The third watershed event was Israel’s defeat by Hizballah in

the July 2006 war, albeit at a very high price for Lebanon as a

whole. If 1967 marks the peak of Israeli military power in the

region, 2006 marks its lowest ebb. The process of decline began

with the war of attrition with Egypt after 1967 and has

continued, despite apparent successes, through the 1973 war, the

1982 invasion of Lebanon, the forced withdrawal from south

Lebanon in 2000, and the reoccupation of Area A of the occupied

territories in April 2002. All these events point to a simple

truth: The use of violence to impose new realities on the ground

is yielding fewer and fewer dividends. In Iraq and Afghanistan,

as in Palestine and Lebanon, the cost to the United States and

Israel of sustaining a high level of coercion is becoming more

and more formidable. This can be seen not only in the increasing

resistance and radicalization in the Middle East and the Islamic

world as a whole, but also in the economic hemorrhage and, more

importantly, in the severe social and economic disparities that

are causing serious domestic discontent in these regions. The

terrorist attacks of 11 September 2001 made possible the

marriage between neo-liberalism and military adventure, but that

honeymoon is nearing an end. Sooner or later—probably later, and

probably after a series of horrors that will make the

hyper-violence of recent years look tame in comparison, for U.S.

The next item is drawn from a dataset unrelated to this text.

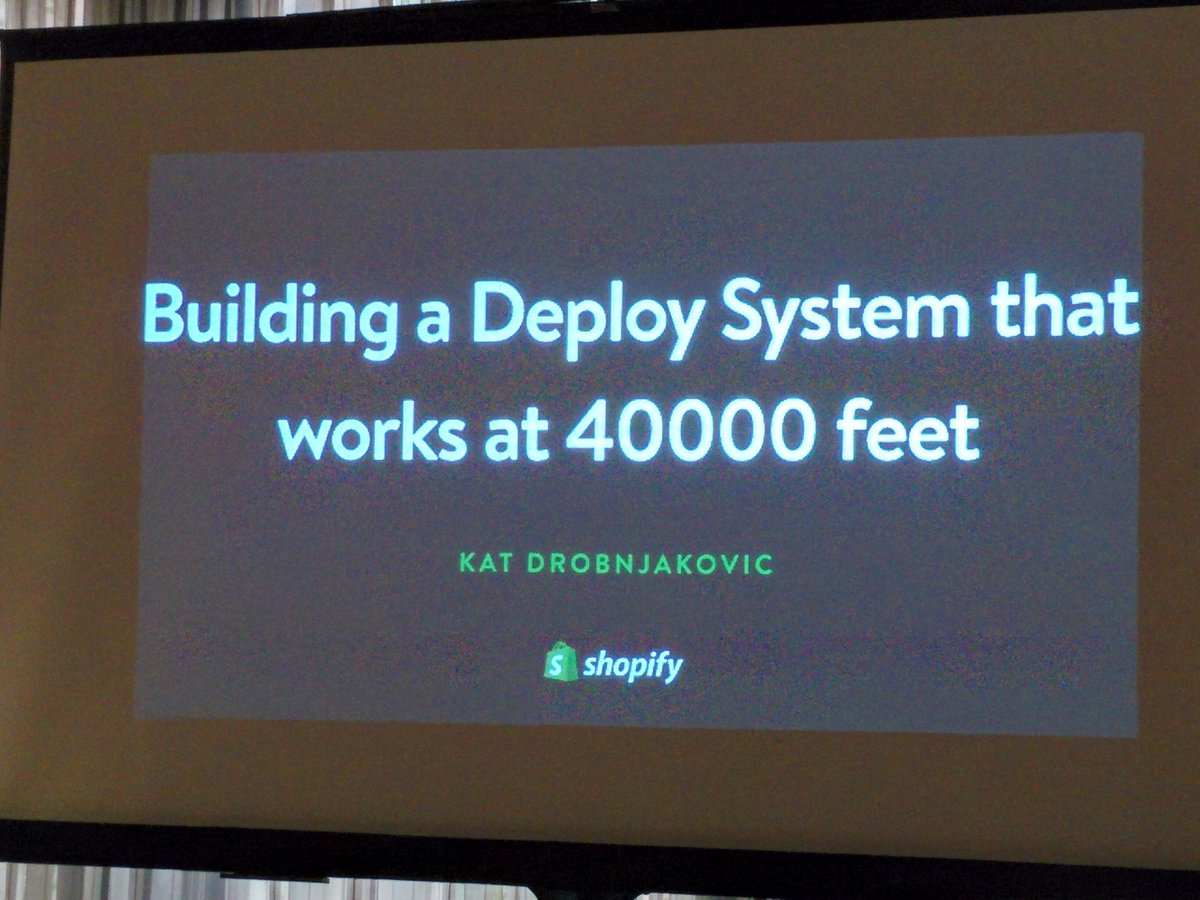 eikke's tweet photo. Deployments from an airplane? Why not! Kat Drobnjakovic shows how @Shopify does this using their 'Shipit' tool. #RELENG16 https://t.co/QDKkVjRIYr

and Israeli leaders still seem to be in denial about the

consequences of their failed policies of coercion—a process of

political negotiations will take root. The most important

long-term political commitment Palestinians can make at this

point is to figure out new and creative ways of preparing for

and framing these negotiations so as not to repeat the mistakes of

Oslo.

Active vs. Passive Strategies

Shortly before he died, Arafat made yet another of his “We are

not Red

Indians” remarks:

We have made the Palestinian case the biggest problem in the

world. Look at the Hague ruling on the wall. One hundred and

thirty countries supported us at the General Assembly. One

hundred and seven years after the [founding Zionist] Basel

Conference, 90 years after the Sykes-Picot Agreement, Israel has

failed to wipe us out. We are here, in Palestine, facing them.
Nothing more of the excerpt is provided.